Segment Start: Materials provided

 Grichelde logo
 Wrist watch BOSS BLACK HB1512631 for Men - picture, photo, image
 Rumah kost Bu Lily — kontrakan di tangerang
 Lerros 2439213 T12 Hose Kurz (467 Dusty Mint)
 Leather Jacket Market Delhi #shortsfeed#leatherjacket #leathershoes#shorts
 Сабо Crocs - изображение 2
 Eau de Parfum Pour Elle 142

Segment End: Materials provided
Segment Start: Materials provided

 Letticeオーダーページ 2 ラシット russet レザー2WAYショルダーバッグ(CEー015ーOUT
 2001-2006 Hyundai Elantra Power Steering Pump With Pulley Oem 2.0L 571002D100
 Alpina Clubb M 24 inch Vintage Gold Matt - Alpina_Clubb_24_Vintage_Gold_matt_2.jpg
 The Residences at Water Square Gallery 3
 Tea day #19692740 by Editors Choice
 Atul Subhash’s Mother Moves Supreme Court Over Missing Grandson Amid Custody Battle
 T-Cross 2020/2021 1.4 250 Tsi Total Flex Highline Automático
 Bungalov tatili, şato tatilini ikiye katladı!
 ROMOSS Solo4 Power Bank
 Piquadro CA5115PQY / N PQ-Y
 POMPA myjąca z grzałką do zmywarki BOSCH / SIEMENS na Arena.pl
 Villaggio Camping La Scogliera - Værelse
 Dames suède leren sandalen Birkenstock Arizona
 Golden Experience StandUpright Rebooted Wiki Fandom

Segment End: Materials provided
Segment Start: Materials provided

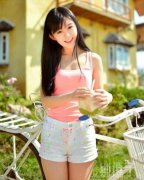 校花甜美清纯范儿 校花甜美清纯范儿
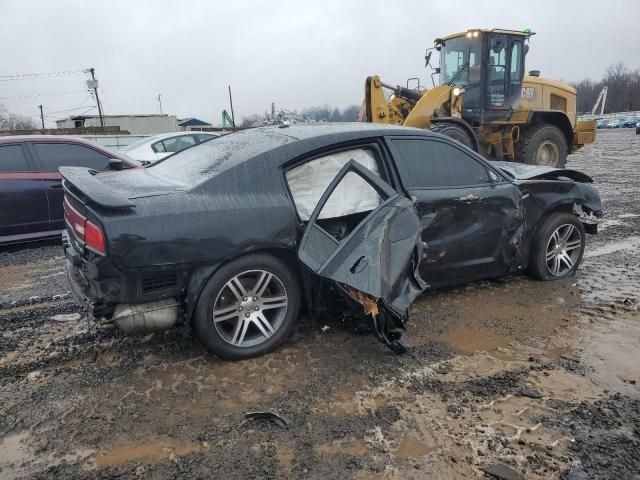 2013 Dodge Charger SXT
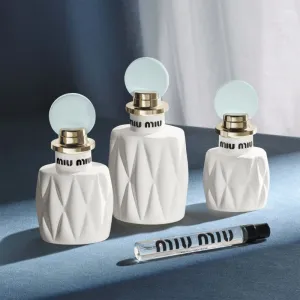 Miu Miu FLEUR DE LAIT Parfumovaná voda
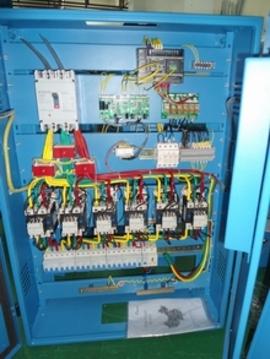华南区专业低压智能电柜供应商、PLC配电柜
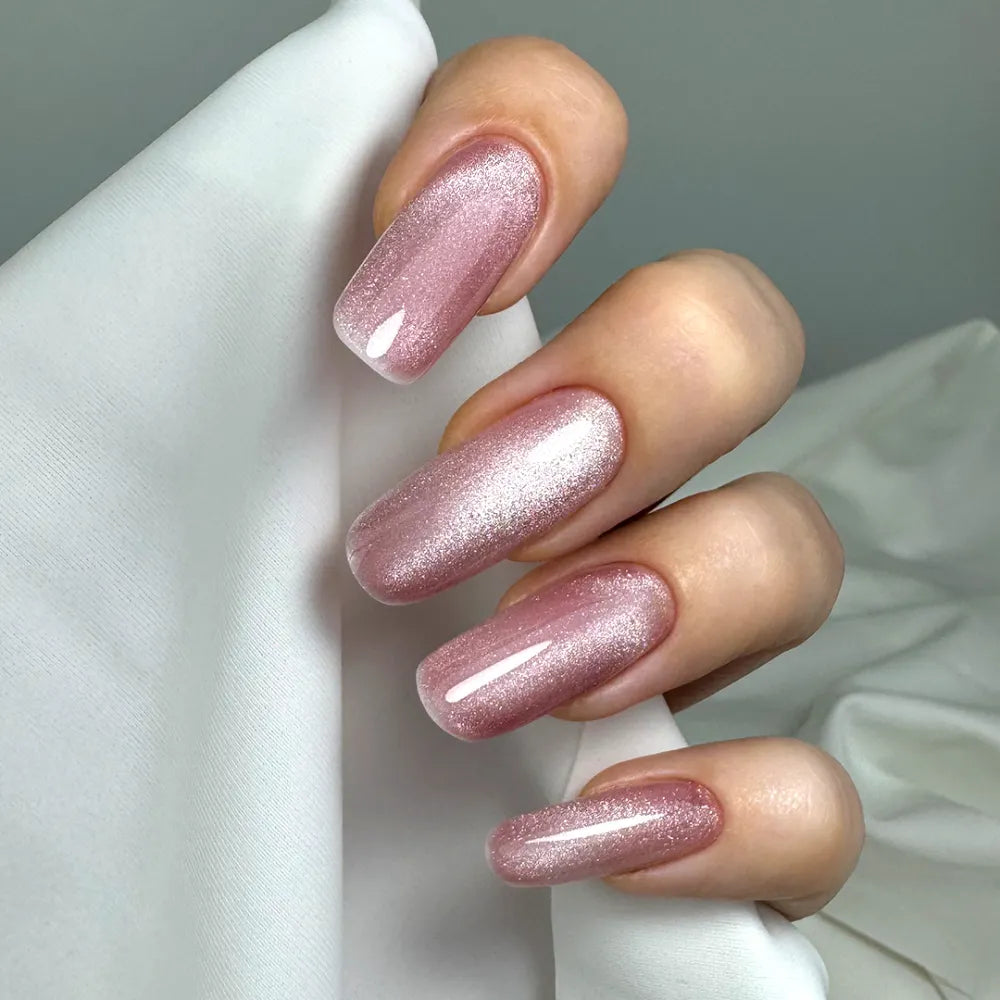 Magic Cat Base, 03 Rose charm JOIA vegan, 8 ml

Segment End: Materials provided

Among the lines of the listing above, which ones hold "Power"? Copy them.

 2001-2006 Hyundai Elantra Power Steering Pump With Pulley Oem 2.0L 571002D100
 ROMOSS Solo4 Power Bank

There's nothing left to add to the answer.